Based on the scope photo, I'm not sure which cyle is which. I would need to know, where does the instruction begin? (Which cycle is the opcode fetch?) Maybe we should wait until you can post a photo that also shows a second trace to act as a timing reference. EDIT: many scopes have a Z-Axis (intensity) input which can be very useful -- almost like having a
three channel scope.
Speaking more generally, troubleshooting can take two possible approaches. Both can be useful, and you may even wish to alternate.
One way is speculative. For example, you could try replacing the 'hct245 with '
ahct245, or try rerouting the clock signal for less propagation delay.
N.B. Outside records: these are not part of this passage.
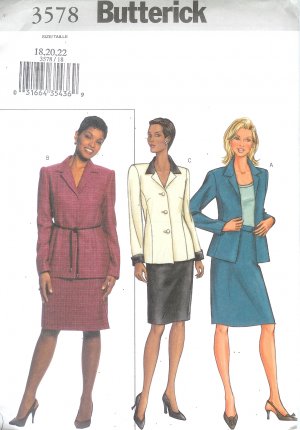 B3578 Butterick Pattern EASY Jacket, Skirt Misses/Miss Petite Size 12, 14, 16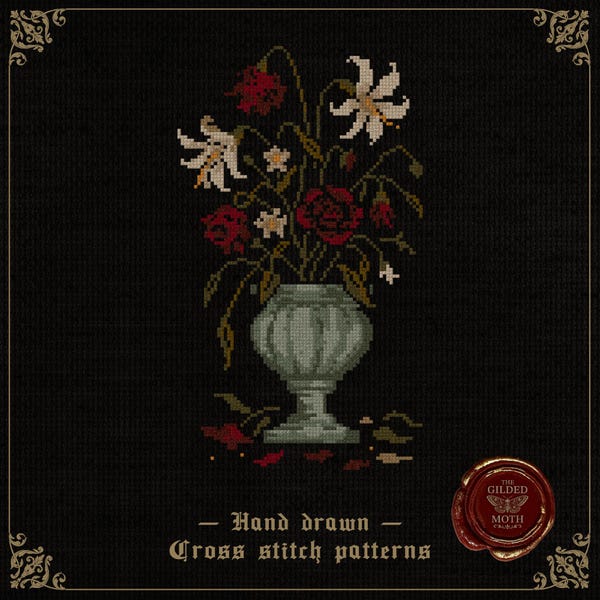 Dead Flowers | Gothic Floral Vase Cross Stitch Pattern | Dark Victorian Still Life Embroidery PDF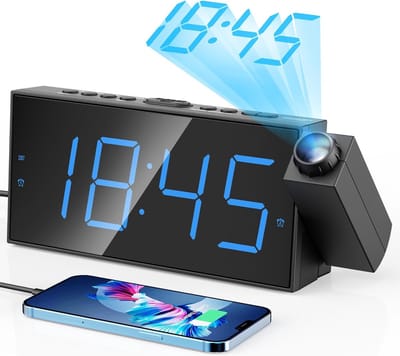 Projectiewekker met USB-aansluiting, Instelbaar Alarmvolume en Batterijback-up - Moderne Wekker met Tijdprojectie - Handige Wekker met USB-Opladen - Zwart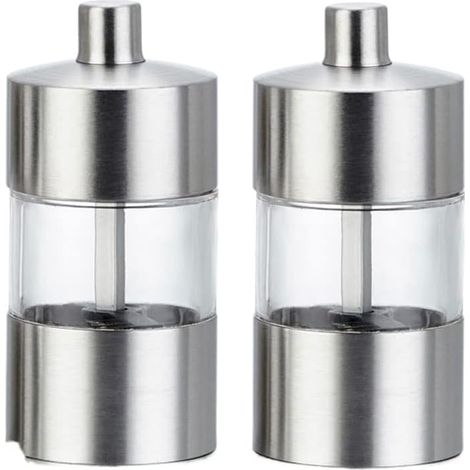 2 moulins à sel et poivre, inox (1/5)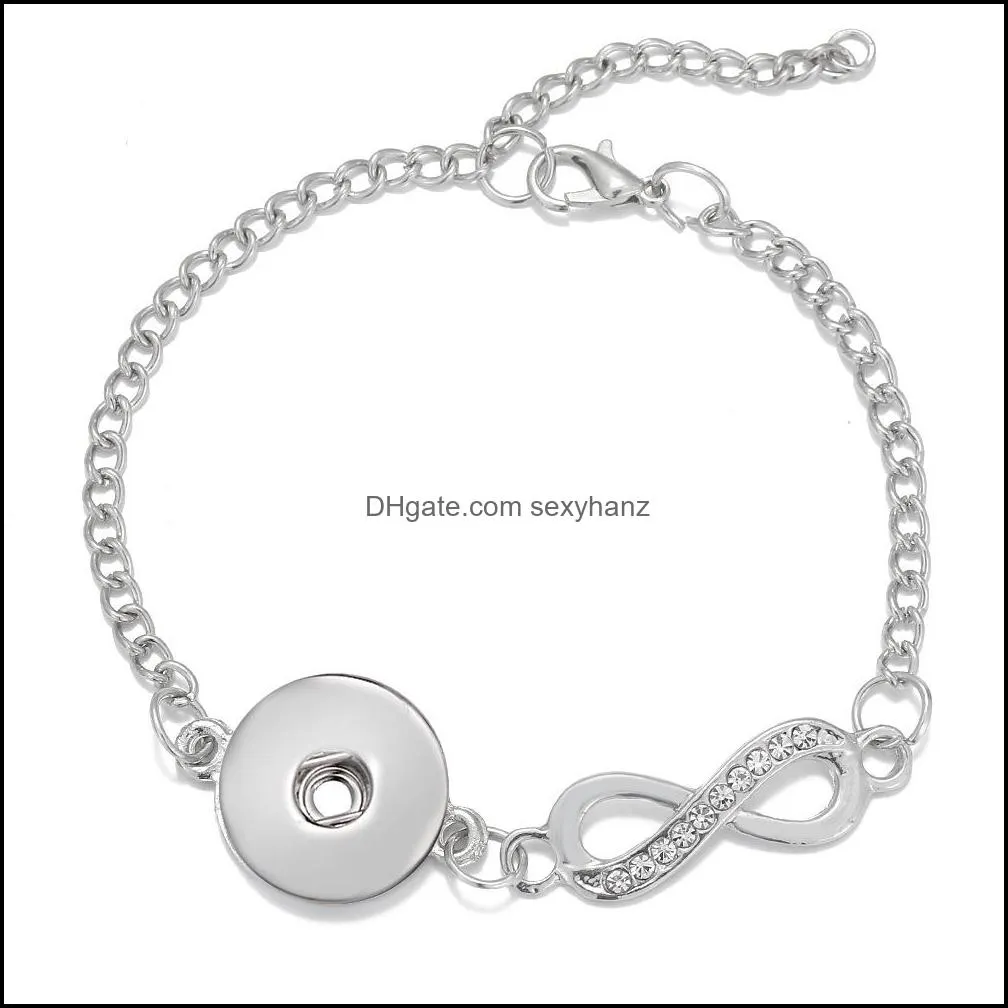noosa snap bracelet rhinestone infinity 18mm ginger snaps buttons chunk charm wristband jewelry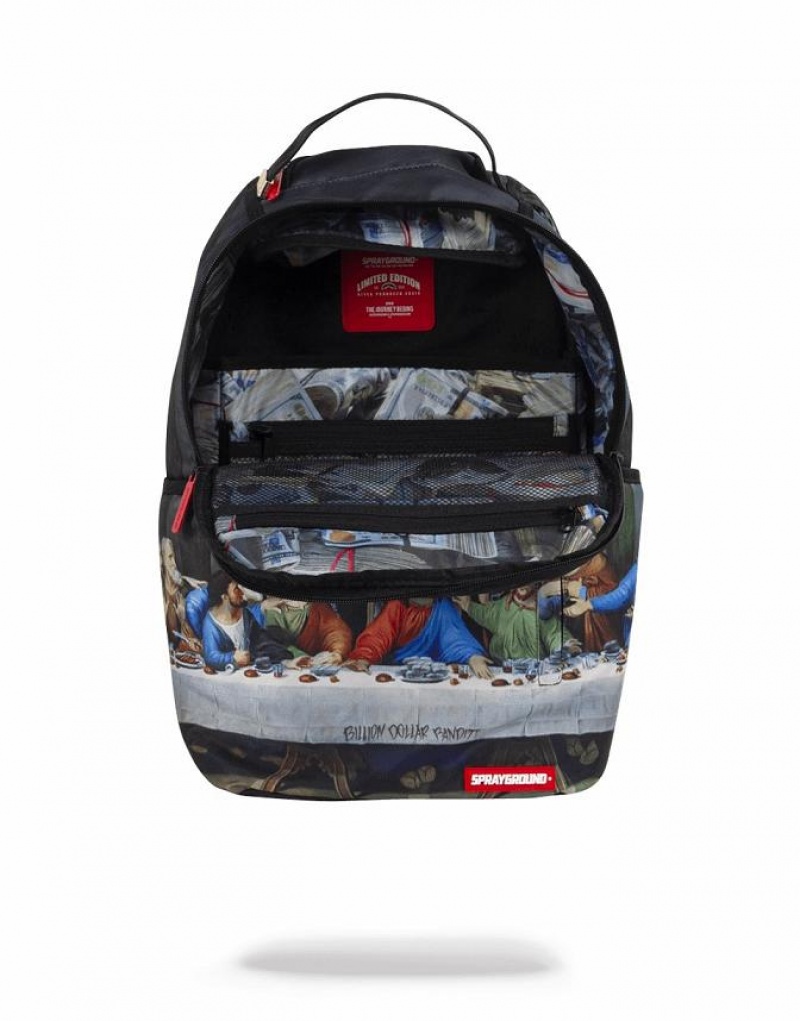 Black Men's Sprayground Last Pay Out Backpacks | IOTF47398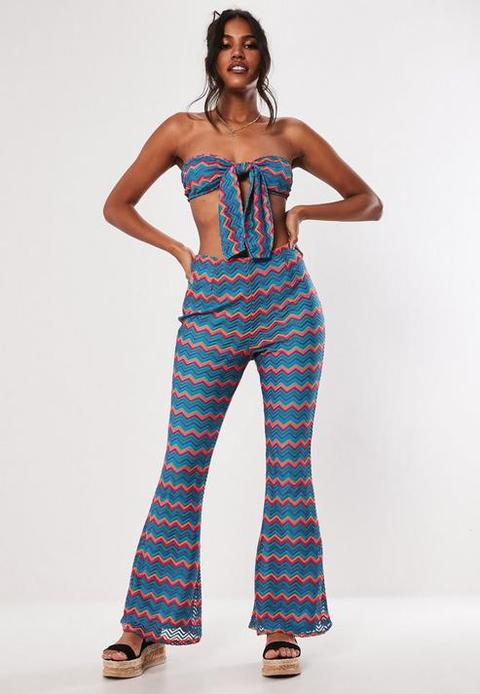 Blue Multi Chevron Crochet Flare Co Ord Trousers, Multi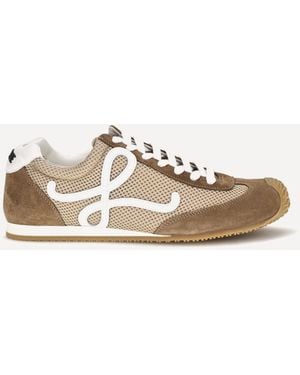 Loewe Ballet Runner 2.0 Suede And Mesh Trainers - Natural
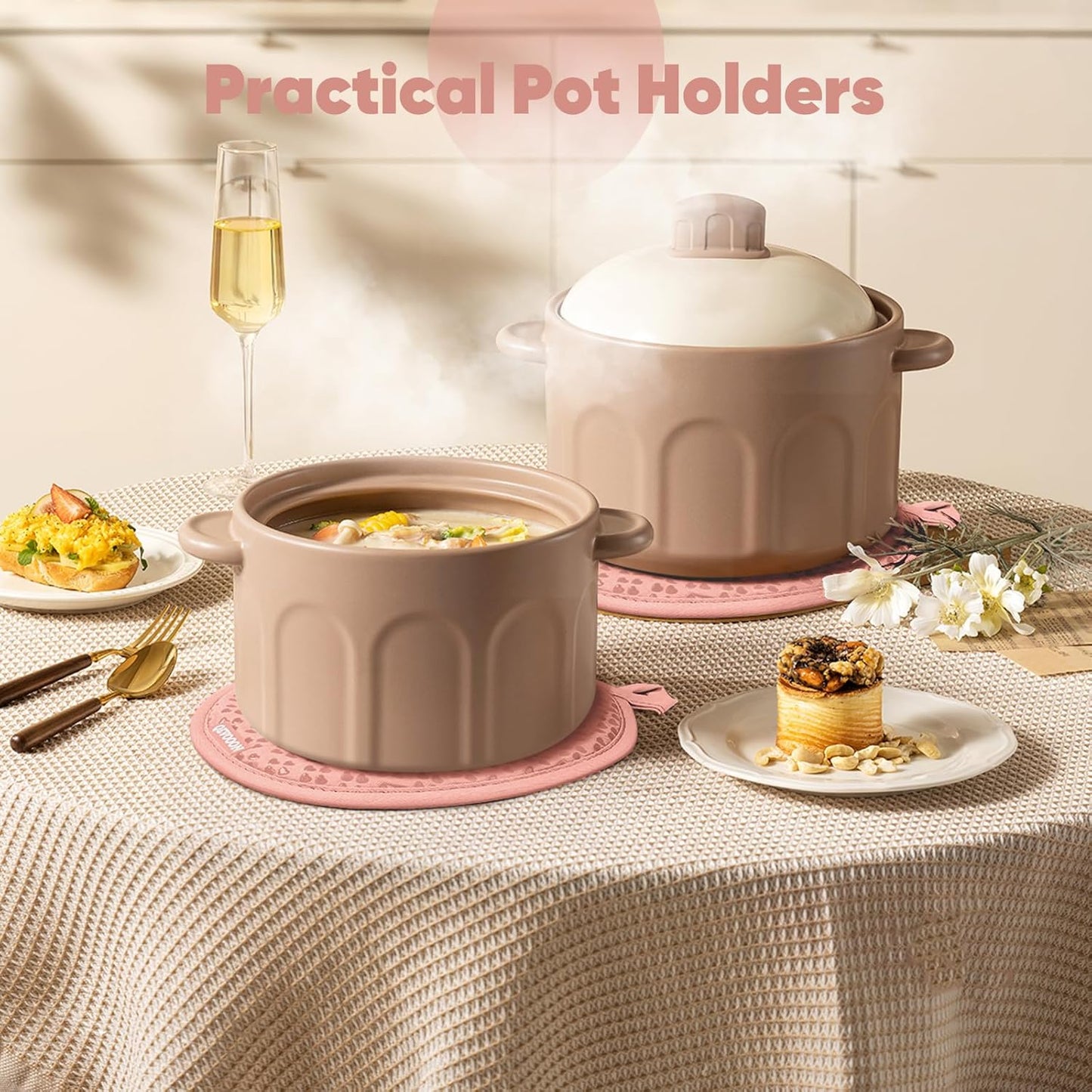 Oven Mitts and Pot Holders 4 Sets, Heat Resistant 500 ℉ Oven Mitt and Pot Holder,Oven Glove&Potholders with Non-Slip Silicone Surface,Kitchen Essentials for Cooking/Baking/BBQ-Pink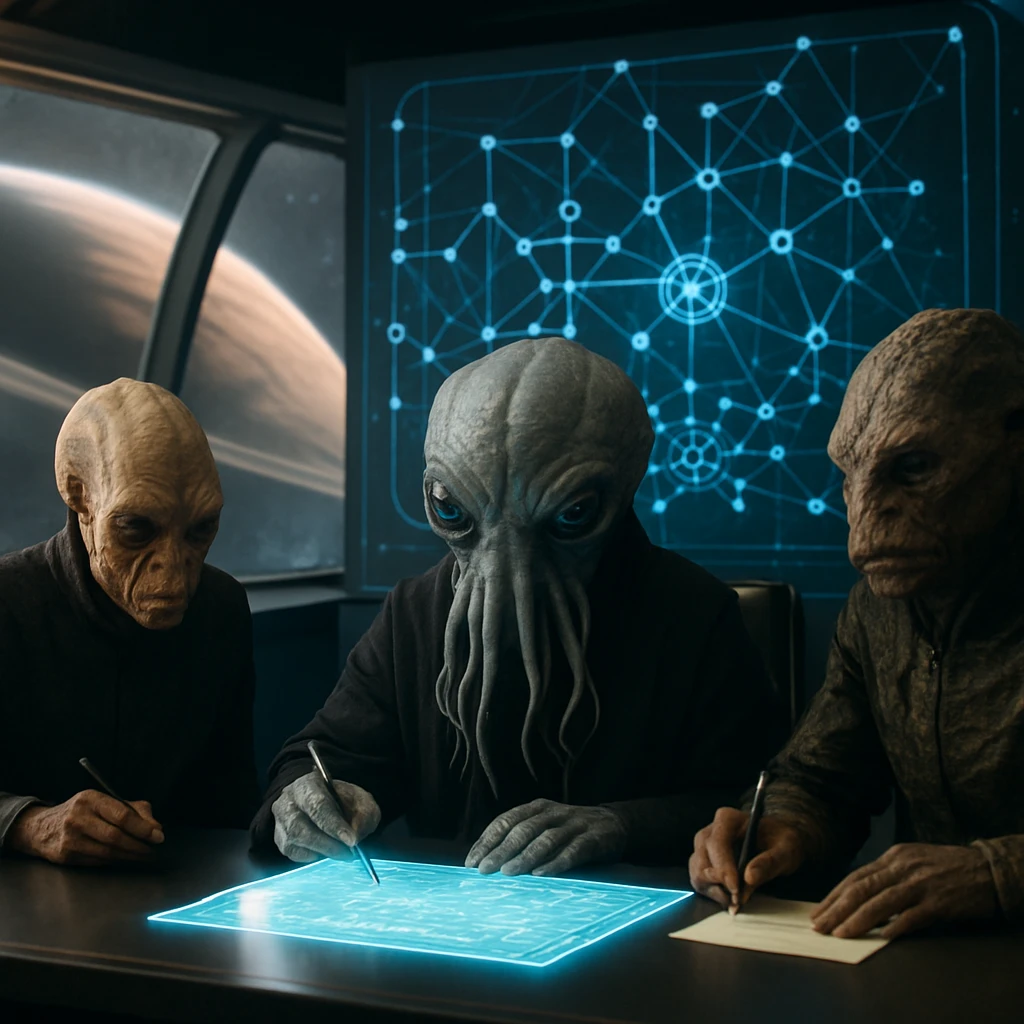 多様な異星種族の代表者が近未来的な評議会室で協定書にサインしている様子のリアルな写真。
I'm not saying you should -- I'm just inventing examples where you're acting on Best Practices and maybe a hunch -- not on specific evidence.
The other way is analytical, where you first try to
observe the problem in detail... then
later ask "why" you're seeing what you're seeing (so you can fix the problem).
Your scope traces are analytical, of course.
For these and for ALL your tests I encourage you to
simplify as much as possible. I can't
teach you this -- it's a philosophy!
-- but here's an example. For a scope trigger, you mentioned addressing one of the unused I/O-addresses in the instruction before. Instead, can't you trigger from the 816's /Vector Pull pin? Another option, usable in some circumstances, is to trigger from VDA or VPA, or from an address line which you know will toggle as a test loop executes.
Speaking of loops, this one is a simple as it gets -- just one instruction! In a previous
post I explained how to use pullup and pulldown resistors to ensure your machine executes an endless series of JSR(abs,X).